Assigned task
At the line that includes "this 474×256 image.", begin writing out the entries below exactly, and continue through the last line without adding anything.

* * * * * * *

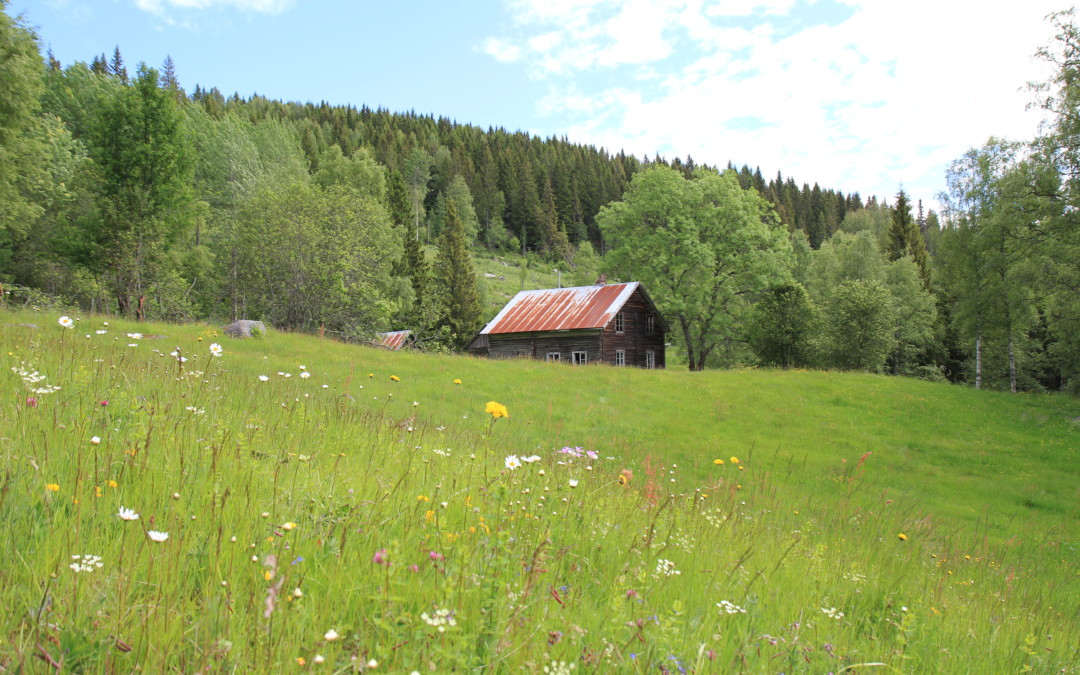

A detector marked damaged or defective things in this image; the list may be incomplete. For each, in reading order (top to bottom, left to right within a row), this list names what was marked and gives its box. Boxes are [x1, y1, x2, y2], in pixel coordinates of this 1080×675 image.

rusty metal roof [481, 280, 639, 334]
rusty metal roof [380, 328, 412, 349]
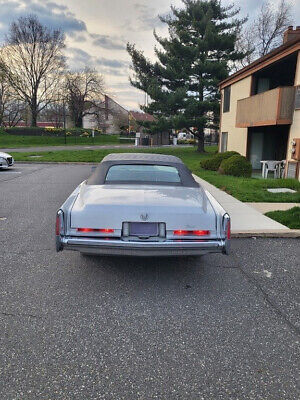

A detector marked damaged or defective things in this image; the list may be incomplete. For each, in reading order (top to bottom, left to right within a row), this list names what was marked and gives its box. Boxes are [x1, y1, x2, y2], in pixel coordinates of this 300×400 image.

crack in asphalt [232, 253, 300, 338]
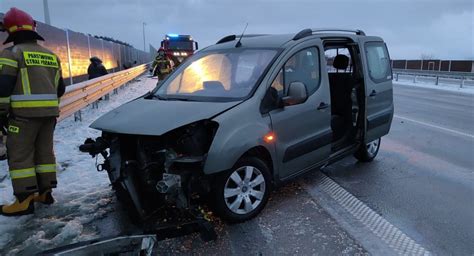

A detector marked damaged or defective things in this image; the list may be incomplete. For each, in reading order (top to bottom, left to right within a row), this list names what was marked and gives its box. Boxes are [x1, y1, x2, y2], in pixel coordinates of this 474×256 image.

crumpled car hood [90, 97, 241, 135]
damaged silver minivan [80, 29, 392, 223]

* * * * * * *

Reply
A detector marked damaged or defective things in this image; the list may be incomplete. For each, in reading order (top to bottom, left to right within a row), this list names what was marked and gives its box. Boxes are [x1, y1, x2, y2], in pixel coordinates of this 474×256 image.

crumpled car hood [90, 97, 241, 135]
damaged silver minivan [80, 29, 392, 223]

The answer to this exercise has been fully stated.